Bifunctional pyrazolate–carboxylate ligands for isoreticular cobalt and zinc MOF-5 analogs with magnetic analysis of the Co4 (μ4-O) node

The ditopic ligands 3, 5-dimethyl-pyrazolate-4-carboxylate, –Me2pzCO2–, and 4- (3, 5-dimethyl-1H-pyrazol-4-yl) benzoate, –Me2pzC6H4CO2–, combine a pyrazolate and carboxylate functionality in axial orientation and lead to porous cobalt or zinc azolate–carboxylate frameworks that have the same cubic pcu-a topology and M4 (μ4-O) nodes (M = Co, Zn) as MOF-5 and other IRMOFs. The microporous networks M4 (μ4-O) (Me2pzCO2) 3 (M = Co, Zn) with the short linker exhibit a solvent-induced gate effect, evidenced by gas desorption hysteresis due to small pore apertures of 2. 8 Å diameter together with small amounts of high-boiling solvent remaining in the activated samples.

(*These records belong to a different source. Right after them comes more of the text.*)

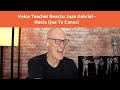 Voice Teacher Reacts: Juan Gabriel - Hasta Que Te Conoci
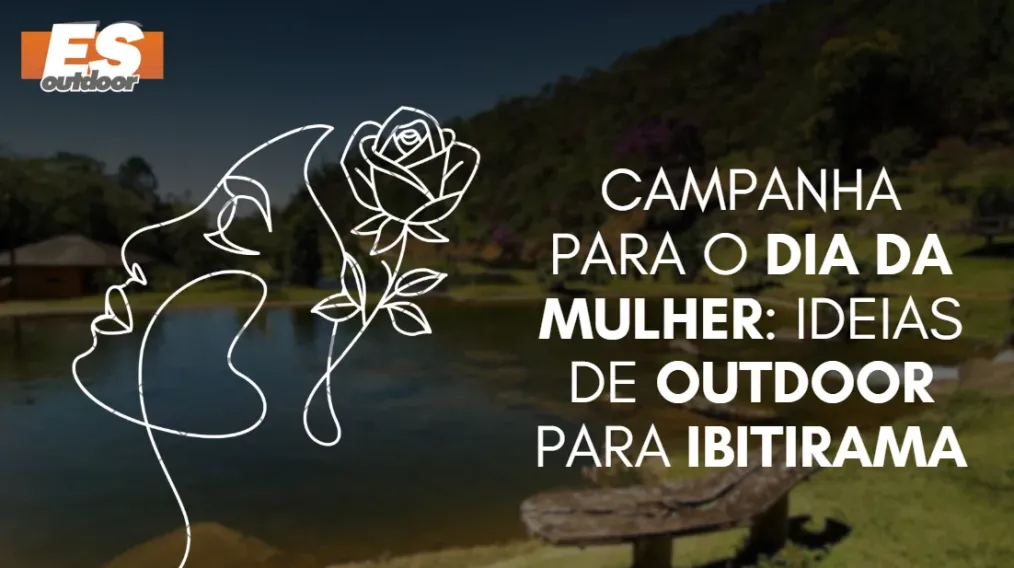 Campanha para o Dia da Mulher: Ideias de Outdoor para Ibitirama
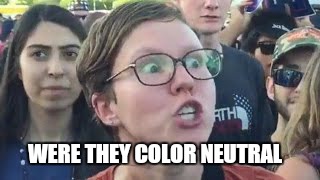 WERE THEY COLOR NEUTRAL | made w/ Imgflip meme maker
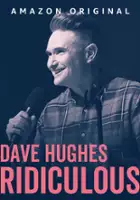 Dave Hughes / Dave Hughes: Ridiculous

For Co4 (μ4-O) (Me2pzCO2) 3, the low-pressure H2 storage capacity (1. 7 wt%, 1 bar, 77 K) is higher than for MOF-5, and the CO2 uptake of 20. 8 wt% puts it among the top MOFs for low-pressure CO2 sorption even though the BET surface is less than 1000 m2 g−1. The analysis of the magnetic properties of Co4 (μ4-O) (Me2pzCO2) 3 takes into account the distribution of tetrahedra resulting from the disorder of the pyrazolate–carboxylate linker. An antiferromagnetic coupling observed for Co4 (μ4-O) (Me2pzCO2) 3 arises from the interactions of the cobalt (II) ions through the combined μ4-O + syn–syn carboxylate and μ4-O + pyrazolate bridges.